By: Ali Omar
The Committee to Protect Journalists released its annual report on Monday which named Syria, Iraq and Egypt as the year’s most deadly environments for journalists. Two-thirds of this year’s 70 total deaths occurred in the Middle East.
Twenty-nine of these deaths occurred in Syria, leading to a total of 63 journalists killed since the popular uprising against Bashar Al-Assad began 33 months ago. Kidnappings are also rampant in the war-torn nation, as 60 journalists were abducted this year, 30 of whom are still missing. One of them, American law student and journalist Austin Tice, has been missing for over 500 days.
The report names Iraq as the second most dangerous place for journalists. Due to the recent spike in violence reminiscent of the deadliest years of American military involvement, all ten listed fatalities took place in the last quarter of the year. All but one of the deaths are listed as murders.

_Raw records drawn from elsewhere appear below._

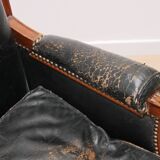 Paire de fauteuils style Louis XVI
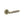 Jedo Bari Knurled Door Handles Antique Brass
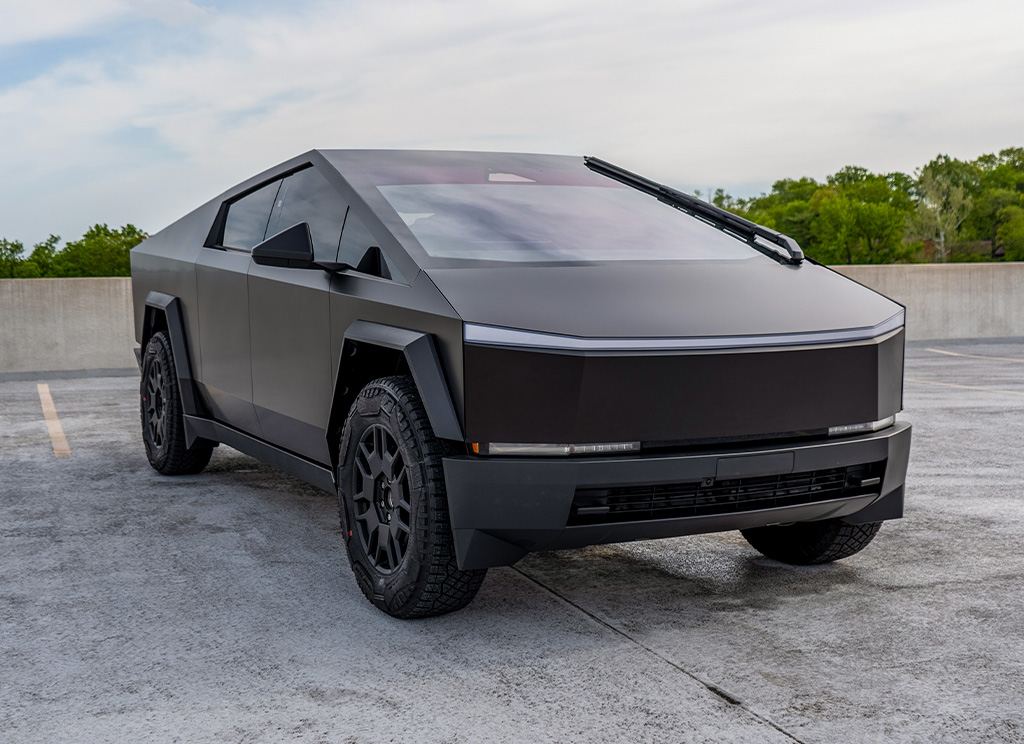 Black Tesla Cybertruck custom build.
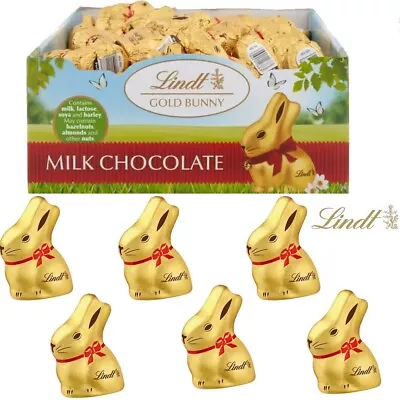 Lindt Gold Bunny Milk Chocolate For Kids Gift 5x15x25x35x50x80x100x - 10g • £6.99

Egypt is third on the list, with six journalists killed this year. Half of these deaths occurred on 14 August alone, when government forces cleared two pro-Morsi sit-ins in Cairo. Due to the interim government’s widespread crackdown on the Muslim Brotherhood and its affiliated organizations, numerous other Egyptian journalists are currently imprisoned. Four members of the Qatar-based Al Jazeera were arrested Monday morning on suspicion of links to the Muslim Brotherhood, while eight journalists were injured on 27 December during a fresh round of post-Friday prayer demonstrations.
Other notable countries in the report include Pakistan, which ended this year with five total deaths, the lowest tally since eight were killed in 2012; Somalia, which saw the deaths of four journalists, down from 12 in 2012; and Mali, which experienced the first recorded deaths of journalists this year.
Investigations by the CPJ claim that 44% of this year’s deaths were victims of murders, 36% were hit by crossfire, and 20% died on dangerous assignments. CPJ is currently investigating the deaths of 25 other journalists in 2013.
The CPJ has released an annual report every year since it started recording deaths in 1992.